# Thread: Evaluating a triple integral using spherical coordinates

1. ## Evaluating a triple integral using spherical coordinates

Evaluate:

Triple integral over domain H of $z^3 * sqrt(x^2 + y^2 + z^2) dv$

$
where H = { (x, y, z) | x^2 + y^2 + z^2 <= 1, y >= 0 }
$

To the point: I used spherical coordinates and during the integration with respect to phi (the vertical angle), it resulted in 0, causing the entire triple integral to evaluate to 0, which I assume to be wrong.

Elaborate: Using...
x = p cos(theta) sin(phi)
y = p sin(phi) sin(theta)
z = p cos(phi)
p = $sqrt(x^2 + y^2 + z^2)$
and H = { (p, theta, phi) | 0 <= p <= 1, 0 <= theta <= pi, 0 <= phi <= pi }

First I'll evaluate the integral with respect to phi:

integral(0, pi, p^6 * cos^3(phi) * sin(phi), dphi)

Using u = cos(phi) as the substitution, the integral becomes:

integral(1, -1, - u^3 / 7, du)

Which evalutes to zero.

Could anyone show me what I'm doing wrong, or confirm that zero is the answer?

Thank you!
David

2. Looks to me it's:

$\int_0^{\pi} \int_0^{\pi} \int_0^1 \rho^5 \cos^3(\phi) \sin(\phi) d\rho d\theta d\phi=0$

3. Originally Posted by shawsend
Looks to me it's:

$\int_0^{\pi} \int_0^{\pi} \int_0^1 \rho^5 \cos^3(\phi) \sin(\phi) d\rho d\theta d\phi=0$
Ya - I got the same.

4. Hmm. The only difference between your integral and the one I had was that I had $p^6$ as a factor, but you had $p^5$. So I tracked the ps in this manner:

$z^3$ becomes $p^3 * cos^3(phi)$;
$sqrt(x^2 + y^2 + z^2)$ becomes $p$;
and the jacobian contributes $p^2 * sin(phi)$.

$p^3 * p * p^2 = p^6$. Have I made an error?

Using the integral you've provided, I evaluated it fully out, leaving the phi integral for last, and obtained:

$pi/6 * integral(0, pi, cos^3(phi) * sin(phi), dphi)$
After using a u-substitution of u = cos(phi), I have the integral
$integral(1, -1, u^3, du)$
Which then evaluates to 0. I guess the answer really is zero...
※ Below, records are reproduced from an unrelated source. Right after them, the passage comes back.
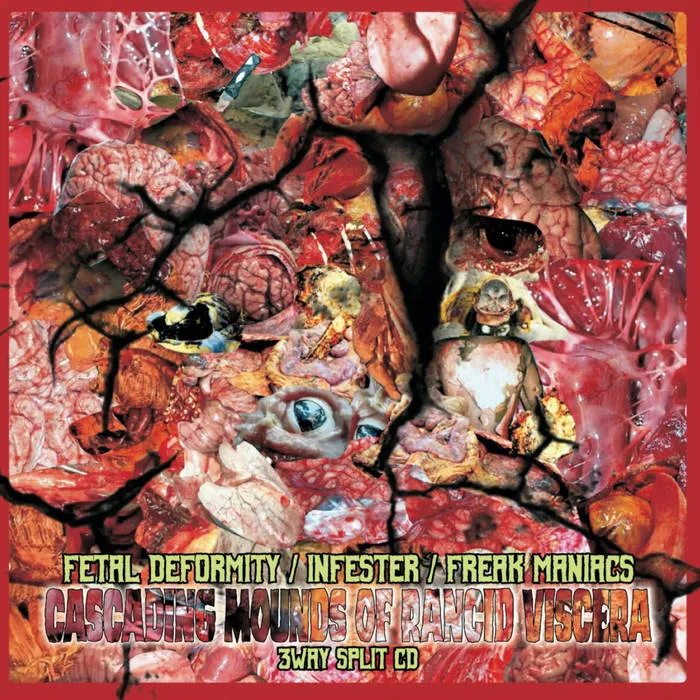 Infester - Cascading Mounds of Rancid Viscera Album Cover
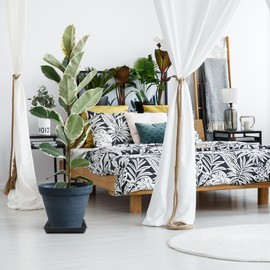 WAYNHUI Platillo cuadrado para plantas de 6/8/10/12/14/16/18/20 pulgadas, bandeja de recepción de agua cuadrada de plástico grande/pequeña (negro 10 pulgadas, paquete de 5 unidades)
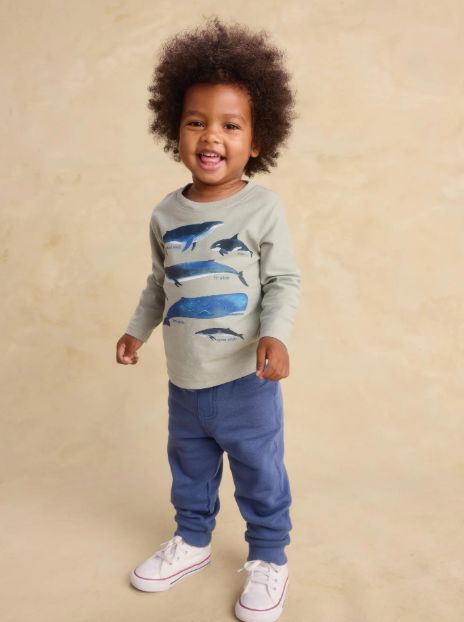 Tea Infant Whale Discovery Tee- Mica Grey
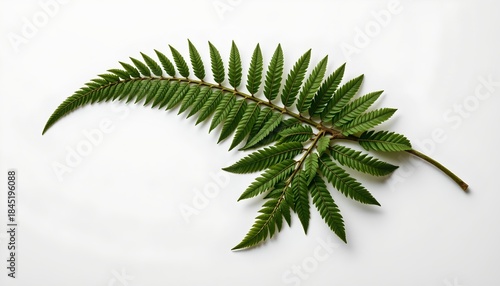 A single fern leaf with its delicate fronds extending outward, exhibiting a naturalistic gradient of green hues that suggests freshness. The leaf is centrally positioned against a plain background.
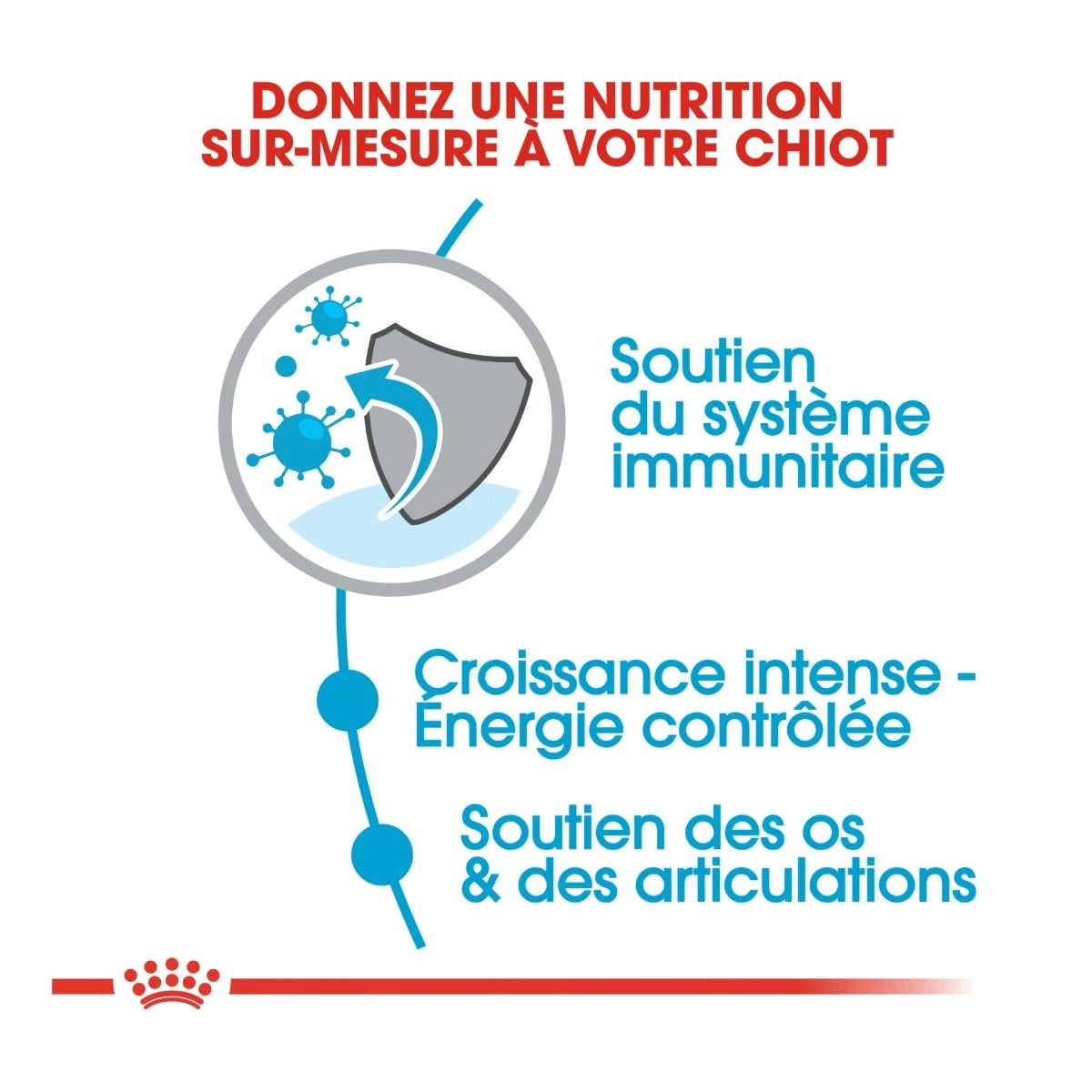 Royal Canin Giant Puppy - Hondenvoer - 15kg 6 Royal Canin Giant Puppy - Hondenvoer - 15kg - Image 4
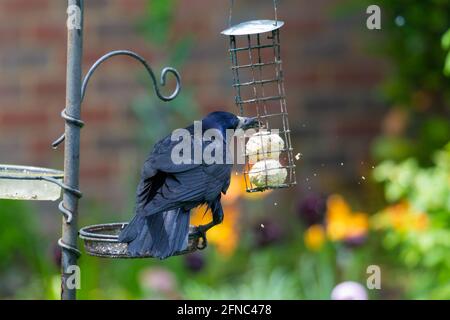 Ashford, Kent, Regno Unito. 16 maggio 2021. UK Weather: Mentre la pioggia muore, un grande Rook si guarda con cautela in giro prima di piccarsi su palle di grasso su un alimentatore di uccelli in un giardino di villaggio alla periferia di Ashford, Kent. Photo Credit: Paul Lawrenson/Alamy Live News Foto Stock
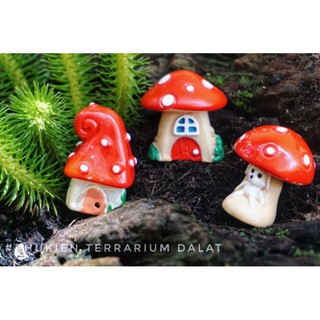[Hình thật] NHÀ NẤM ĐỎ/giao mẫu ngẫu nhiên - Phụ kiện Terrarium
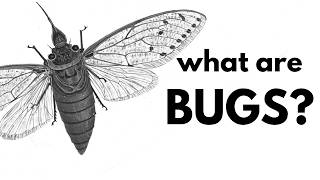 What Are (true) Bugs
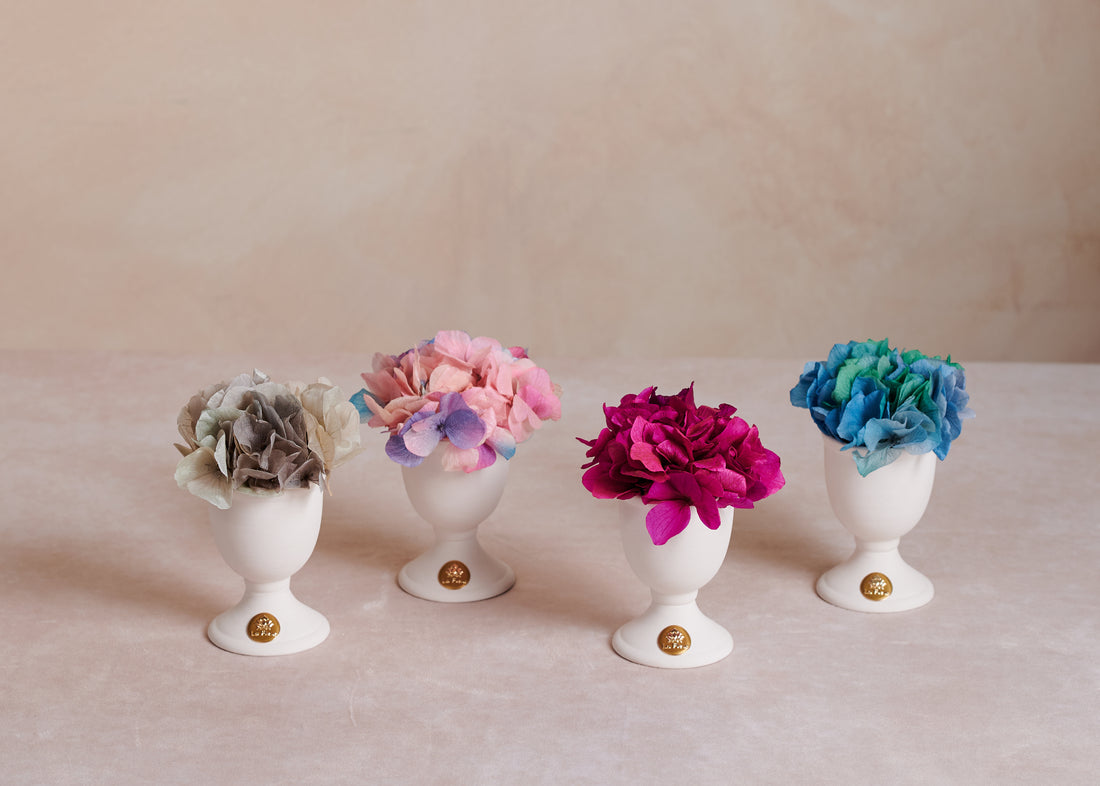 Creme Hydrangea Mini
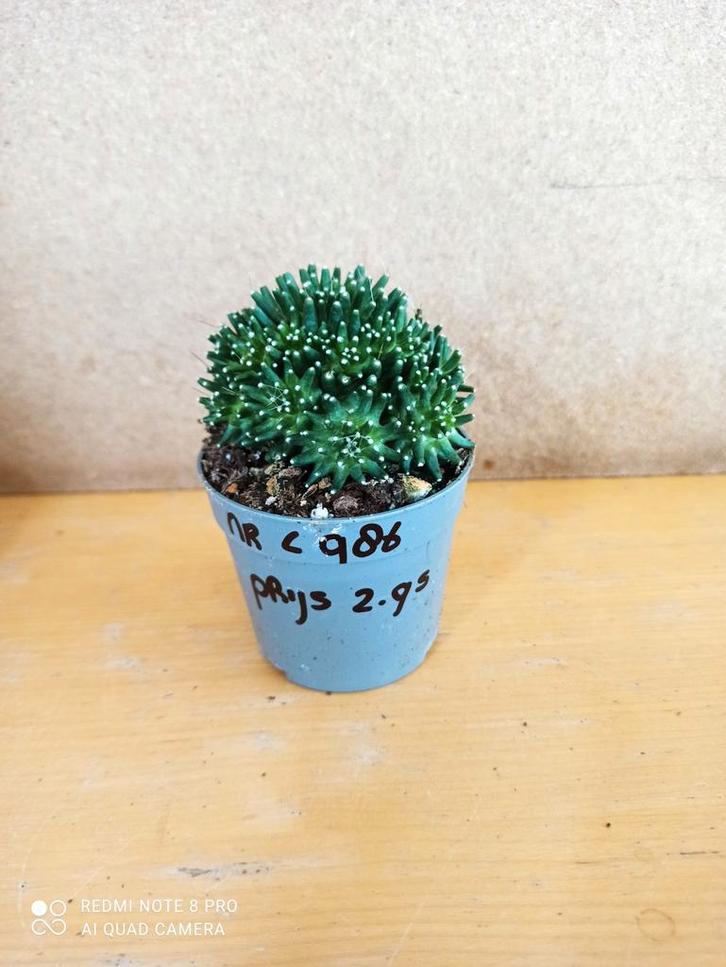 Mammillaria painteri cactus      potmaat 6.5 nummer C986, Huis en Inrichting, Kamerplanten, Minder dan 100 cm, Halfschaduw, Ophalen of Verzenden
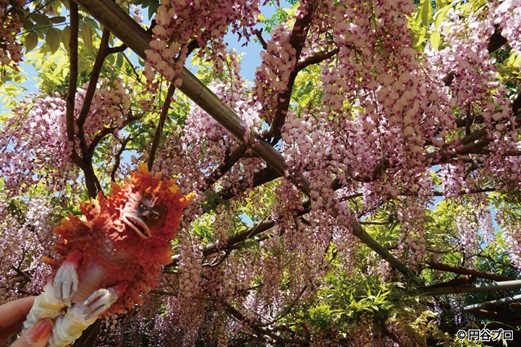 須賀川市の新たな花の名所！吉美根ふじ園だッピ♪
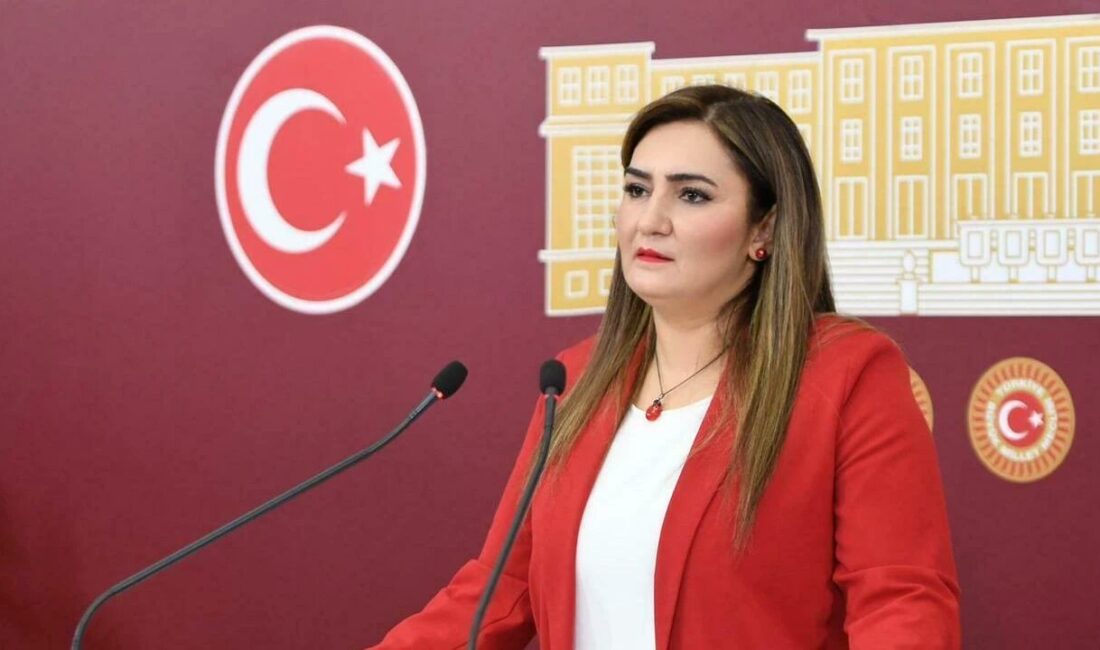 CHP’Lİ SEVDA ERDAN KILIÇ, ROJİN’İN ÖLÜMÜNDEKİ İHMALLER ZİNCİRİNİ MECLİS GÜNDEMİNE TAŞIDI: DÖRT BAKANLIK SUS PUS!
5. Originally Posted by Dwill90
Hmm. The only difference between your integral and the one I had was that I had $p^6$ as a factor, but you had $p^5$. So I tracked the ps in this manner:

$z^3$ becomes $p^3 * cos^3(phi)$;
$sqrt(x^2 + y^2 + z^2)$ becomes $p$;
and the jacobian contributes $p^2 * sin(phi)$.

$p^3 * p * p^2 = p^6$. Have I made an error?

Using the integral you've provided, I evaluated it fully out, leaving the phi integral for last, and obtained:

$pi/6 * integral(0, pi, cos^3(phi) * sin(phi), dphi)$
After using a u-substitution of u = cos(phi), I have the integral
$integral(1, -1, u^3, du)$
Which then evaluates to 0. I guess the answer really is zero...
Your right $3 \rho$'s from $z^3$, $1 \rho$ from $\sqrt{x^2+y^2+z^2}$ and 2 $\rho$'s from $dV$. BTW - I was agreeing with the answer (zero).

6. Oh! That's awesome. Thanks a ton for your replies. My instructor is playing mind games with us; he gives us six review questions for the final exam, but doesn't give us the answers, and so far I've found the answer to three of them to be zero!

7. Originally Posted by Dwill90
Oh! That's awesome. Thanks a ton for your replies. My instructor is playing mind games with us; he gives us six review questions for the final exam, but doesn't give us the answers, and so far I've found the answer to three of them to be zero!
Post your questions and answers here on MHF and we'll check if you like.